Supplied data:
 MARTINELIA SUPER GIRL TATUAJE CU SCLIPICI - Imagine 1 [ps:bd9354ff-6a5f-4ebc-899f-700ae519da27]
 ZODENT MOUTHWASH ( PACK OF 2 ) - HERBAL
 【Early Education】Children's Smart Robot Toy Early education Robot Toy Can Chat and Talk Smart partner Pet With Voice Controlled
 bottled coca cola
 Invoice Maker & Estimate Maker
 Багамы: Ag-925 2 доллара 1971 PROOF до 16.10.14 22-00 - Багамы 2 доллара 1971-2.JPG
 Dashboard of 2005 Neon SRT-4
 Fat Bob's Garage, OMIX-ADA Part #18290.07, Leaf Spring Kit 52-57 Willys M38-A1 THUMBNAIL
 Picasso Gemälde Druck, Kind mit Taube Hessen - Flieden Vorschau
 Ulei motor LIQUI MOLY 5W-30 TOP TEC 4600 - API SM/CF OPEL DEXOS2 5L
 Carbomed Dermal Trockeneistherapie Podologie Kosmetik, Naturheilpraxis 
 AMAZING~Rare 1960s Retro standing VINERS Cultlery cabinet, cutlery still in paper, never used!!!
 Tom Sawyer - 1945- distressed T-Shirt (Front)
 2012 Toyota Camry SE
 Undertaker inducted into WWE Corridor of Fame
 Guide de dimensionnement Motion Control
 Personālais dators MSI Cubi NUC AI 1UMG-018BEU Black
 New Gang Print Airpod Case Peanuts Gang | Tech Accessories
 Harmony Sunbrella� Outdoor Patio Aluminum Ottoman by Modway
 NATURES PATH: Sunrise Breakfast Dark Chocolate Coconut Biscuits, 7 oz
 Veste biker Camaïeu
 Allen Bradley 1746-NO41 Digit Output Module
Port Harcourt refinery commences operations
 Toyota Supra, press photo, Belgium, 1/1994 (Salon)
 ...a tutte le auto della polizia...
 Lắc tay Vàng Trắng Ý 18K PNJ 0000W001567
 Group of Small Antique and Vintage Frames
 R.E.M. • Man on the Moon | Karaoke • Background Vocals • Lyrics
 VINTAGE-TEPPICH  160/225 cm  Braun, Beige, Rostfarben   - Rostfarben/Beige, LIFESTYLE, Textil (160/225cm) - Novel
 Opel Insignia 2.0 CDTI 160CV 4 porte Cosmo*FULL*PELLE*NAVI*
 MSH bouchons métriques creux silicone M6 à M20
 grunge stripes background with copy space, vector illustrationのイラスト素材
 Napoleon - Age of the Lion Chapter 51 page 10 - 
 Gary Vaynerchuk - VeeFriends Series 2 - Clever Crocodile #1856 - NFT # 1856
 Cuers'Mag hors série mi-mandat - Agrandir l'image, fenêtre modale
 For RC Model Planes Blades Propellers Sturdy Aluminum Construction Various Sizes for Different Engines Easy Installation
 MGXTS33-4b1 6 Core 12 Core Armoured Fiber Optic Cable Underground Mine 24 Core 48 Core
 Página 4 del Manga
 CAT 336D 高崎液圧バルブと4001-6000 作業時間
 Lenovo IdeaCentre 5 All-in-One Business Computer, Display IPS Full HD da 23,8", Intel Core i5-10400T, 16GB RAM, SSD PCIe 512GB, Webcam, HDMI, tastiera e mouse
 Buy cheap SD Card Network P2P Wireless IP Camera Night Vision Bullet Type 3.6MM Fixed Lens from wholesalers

Task description:
Of the entries listed above, reproduce only the lines starting at the line containing "ZODENT MOUTHWASH ( PACK OF 2 ) - HERBAL" and ending at the line containing "Dashboard of 2005 Neon SRT-4". Include both, exactly as they stand.

Answer to the problem:
 ZODENT MOUTHWASH ( PACK OF 2 ) - HERBAL
 【Early Education】Children's Smart Robot Toy Early education Robot Toy Can Chat and Talk Smart partner Pet With Voice Controlled
 bottled coca cola
 Invoice Maker & Estimate Maker
 Багамы: Ag-925 2 доллара 1971 PROOF до 16.10.14 22-00 - Багамы 2 доллара 1971-2.JPG
 Dashboard of 2005 Neon SRT-4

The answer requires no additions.